■ **Task to carry out**
The listing is to be transcribed in full, with its images left out.

■ **Material provided**
[Start of Attachment]
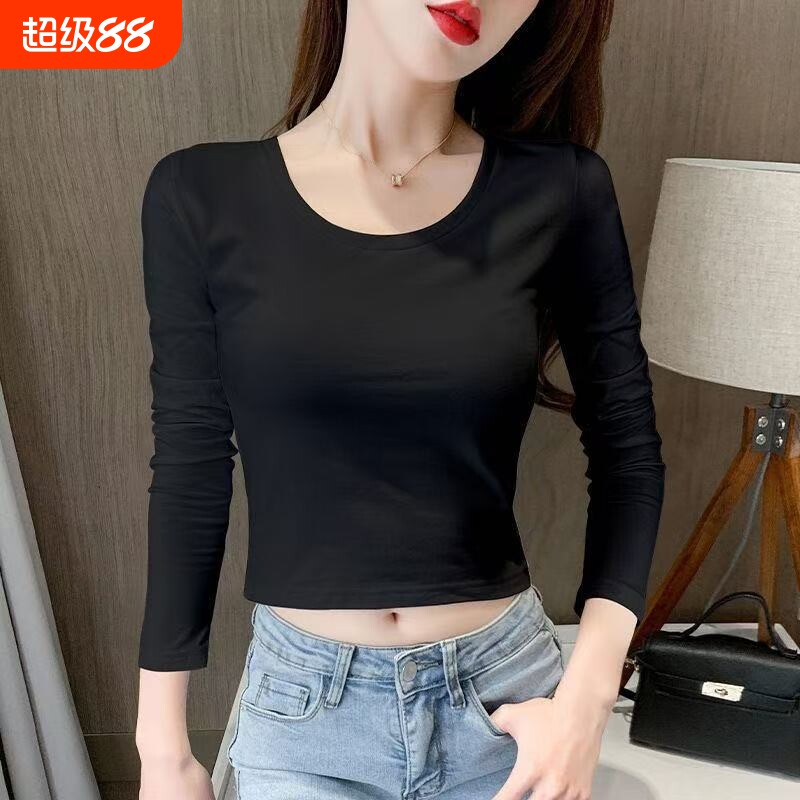 黑色短款圆领短袖t恤女2025新款图片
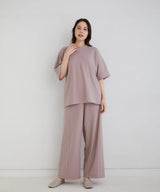 【Co-ord】Royal Organic Cotton T-Shirt & Wide Pants  Greige - Foo Tokyo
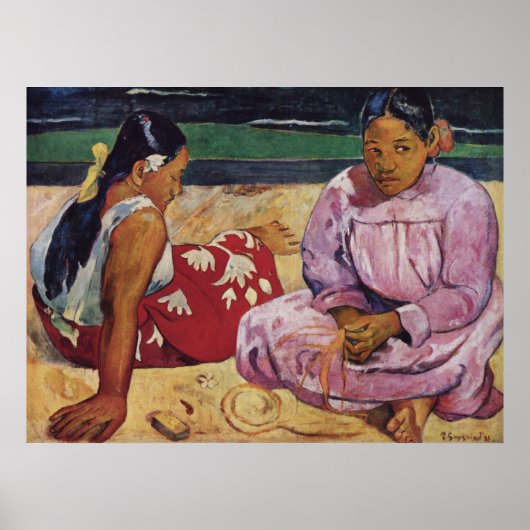 Poster Femmes tahitiennes sur la plage par Gauguin (Devant)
[End of Attachment]
■ **Response**
 黑色短款圆领短袖t恤女2025新款图片
 【Co-ord】Royal Organic Cotton T-Shirt & Wide Pants  Greige - Foo Tokyo
 Poster Femmes tahitiennes sur la plage par Gauguin (Devant)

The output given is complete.